Why does the IteratorAgeMilliseconds value in Kinesis Data Streams continue to increase?

5 分钟阅读

The IteratorAgeMilliseconds metric continues to increase in Amazon Kinesis Data Streams.

Short description

The IteratorAgeMilliseconds metric in Kinesis Data Streams can increase for the following reasons:

Slow record processing
Read throttles
AWS Lambda function error
Connection timeout
Uneven data distribution among shards

Resolution

Slow record processing

An overload of consumer processing logic can contribute to slow record processing. If the Amazon Kinesis Client Library (KCL) is used to build the consumer, then check for the following root causes:

Insufficient physical resources: During peak demand, check to see if your instance has adequate physical resources, such as memory or CPU utilization.
Failure to scale: Consumer record processing logic can fail to scale with the increased load of the Amazon Kinesis data stream. To verify scale failures, you can monitor the other custom Amazon CloudWatch metrics from the KCL. These metrics are associated with the processTask, RecordProcessor.processRecords.Time, Success, and RecordsProcessed operations . You can also monitor the IncomingBytes and IncomingRecords CloudWatch metrics to check the overall throughput of the Kinesis data stream. For more information about the KCL and custom CloudWatch metrics, see Monitoring the Kinesis Client Library with Amazon CloudWatch. If you can't reduce the processing time, then increase the number of shards to upscale the Kinesis stream.
Overlapping processing increases: If you see an increase in the processRecords.Time value that doesn't correlate with the increased traffic load, then check your consumer record processing logic. Your record processing logic might make synchronous blocking calls that can cause delays in consumer record processing. You can also increase the number of shards in your Kinesis Data Streams to resolve this issue. For more information about the number of shards that you need, see Resharding, scaling, and parallel processing.
Insufficient GetRecords requests: If the consumer doesn't send the GetRecords requests frequently enough, then the consumer application can fall behind. Check the withMaxRecords and withIdleTimeBetweenReadsInMillis KCL configurations.
Insufficient Throughput or High MillisBehindLatest: If you're using Amazon Managed Service for Apache Flink for SQL, then see Insufficient throughput or High MillisBehindLatest or Consumer record processing falling behind.
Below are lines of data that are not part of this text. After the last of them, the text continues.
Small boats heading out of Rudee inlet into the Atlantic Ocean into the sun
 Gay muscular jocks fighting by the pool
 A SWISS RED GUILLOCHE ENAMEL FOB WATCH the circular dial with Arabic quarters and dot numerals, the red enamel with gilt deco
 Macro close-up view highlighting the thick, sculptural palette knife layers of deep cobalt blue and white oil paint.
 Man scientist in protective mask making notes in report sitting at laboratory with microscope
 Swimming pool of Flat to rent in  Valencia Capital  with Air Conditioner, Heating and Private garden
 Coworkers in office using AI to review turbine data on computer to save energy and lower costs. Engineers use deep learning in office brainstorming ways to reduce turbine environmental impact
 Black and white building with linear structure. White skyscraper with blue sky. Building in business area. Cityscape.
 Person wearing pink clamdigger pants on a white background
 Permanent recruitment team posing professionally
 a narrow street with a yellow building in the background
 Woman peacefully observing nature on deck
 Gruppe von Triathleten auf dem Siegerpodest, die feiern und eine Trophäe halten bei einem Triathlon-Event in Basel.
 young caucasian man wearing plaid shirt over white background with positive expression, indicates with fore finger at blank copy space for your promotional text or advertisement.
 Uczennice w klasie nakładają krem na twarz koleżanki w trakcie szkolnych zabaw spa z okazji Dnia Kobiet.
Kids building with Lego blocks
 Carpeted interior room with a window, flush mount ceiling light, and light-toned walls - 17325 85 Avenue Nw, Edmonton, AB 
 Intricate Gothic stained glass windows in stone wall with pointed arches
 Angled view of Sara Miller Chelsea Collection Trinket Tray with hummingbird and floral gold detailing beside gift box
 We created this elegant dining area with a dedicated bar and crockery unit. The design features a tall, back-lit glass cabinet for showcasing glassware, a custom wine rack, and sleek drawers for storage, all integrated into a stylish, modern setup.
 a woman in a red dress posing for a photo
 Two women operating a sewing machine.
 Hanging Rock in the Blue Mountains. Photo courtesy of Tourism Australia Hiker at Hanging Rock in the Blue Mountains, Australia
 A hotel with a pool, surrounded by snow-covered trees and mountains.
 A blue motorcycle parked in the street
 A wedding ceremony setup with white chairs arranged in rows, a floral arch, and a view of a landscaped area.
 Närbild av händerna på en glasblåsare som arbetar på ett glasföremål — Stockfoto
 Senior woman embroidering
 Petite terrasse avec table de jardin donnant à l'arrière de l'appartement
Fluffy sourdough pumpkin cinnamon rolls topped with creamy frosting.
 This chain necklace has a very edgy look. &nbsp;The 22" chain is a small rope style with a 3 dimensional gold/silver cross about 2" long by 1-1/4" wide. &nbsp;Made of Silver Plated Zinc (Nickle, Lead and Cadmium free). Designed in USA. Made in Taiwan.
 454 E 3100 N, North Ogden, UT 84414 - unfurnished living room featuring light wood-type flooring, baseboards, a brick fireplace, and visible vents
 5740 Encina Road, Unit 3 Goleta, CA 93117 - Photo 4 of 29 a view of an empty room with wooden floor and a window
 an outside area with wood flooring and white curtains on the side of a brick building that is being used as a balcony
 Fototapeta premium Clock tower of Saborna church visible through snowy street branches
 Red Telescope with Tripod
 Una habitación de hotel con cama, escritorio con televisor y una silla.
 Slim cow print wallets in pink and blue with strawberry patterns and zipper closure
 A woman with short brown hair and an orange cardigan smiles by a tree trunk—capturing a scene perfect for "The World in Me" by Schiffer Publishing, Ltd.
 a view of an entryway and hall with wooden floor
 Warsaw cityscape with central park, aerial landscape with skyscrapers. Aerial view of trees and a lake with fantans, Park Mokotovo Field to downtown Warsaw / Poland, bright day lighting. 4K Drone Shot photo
If the consumers fall behind and there's a risk of data expiration, then increase the retention period of the stream. By default, the retention period is 24 hours, and you can configure the period for up to one year. For more information about data retention periods, see Changing the data retention period.

Read throttles

Check the ReadProvisionedThroughputExceeded metric to see if there are read throttles on the stream.

A consumer that exceeds the quota for five GetRecords calls per second can cause read throttles. For more information about read throttles on Kinesis streams, see How do I detect and troubleshoot ReadProvisionedThroughputExceeded exceptions in Kinesis Data Streams?

Lambda function error

In CloudWatch, review the Lambda functions for the stream where the IteratorAgeMilliseconds count continues to increase. To identify the errors that cause an increase in the IteratorAgeMilliseconds value, review the Errors summary in CloudWatch. Configurations in the Lambda trigger, blocked calls, or Lambda memory provision can cause the Lambda function to slow. Check to see if the timestamp of the Lambda function error matches the time of the IteratorAgeMilliseconds metric increase of your Kinesis data stream. The match in timestamp confirms the cause of the increase. For more information, see Configuring Lambda function options.

Note: A Lambda function can give an error because it's getting retried. The Lambda function gets retried because it doesn't skip the records as a consumer of Kinesis. As these records are retried, the process delays also increase. Your consumer then falls behind the stream and causes the IteratorAgeMilliseconds metric to increase.

Intermittent connection timeout

Your consumer application can experience a connection timeout issue when the application pulls records from the Kinesis data stream. Intermittent connection timeout errors can cause a significant increase in the IteratorAgeMilliseconds count.

To verify whether the increase is related to a connection timeout, check the GetRecords.Latency and GetRecords.Success metrics. If both metrics are also affected, then your IteratorAgeMilliseconds count doesn't increase after the connection is restored.

Uneven data distribution among shards

Some shards in your Kinesis data stream might receive more records than others. This is because the partition key that's used in PUT operations isn't equally distributing the data across the shards. This uneven data distribution results in fewer parallel GetRecords calls to the Kinesis data stream shards and causes an increase in the IteratorAgeMilliseconds count.

You can use random partition keys to distribute data evenly over the shards of the stream. Random partition keys can help the consumer application to read records faster.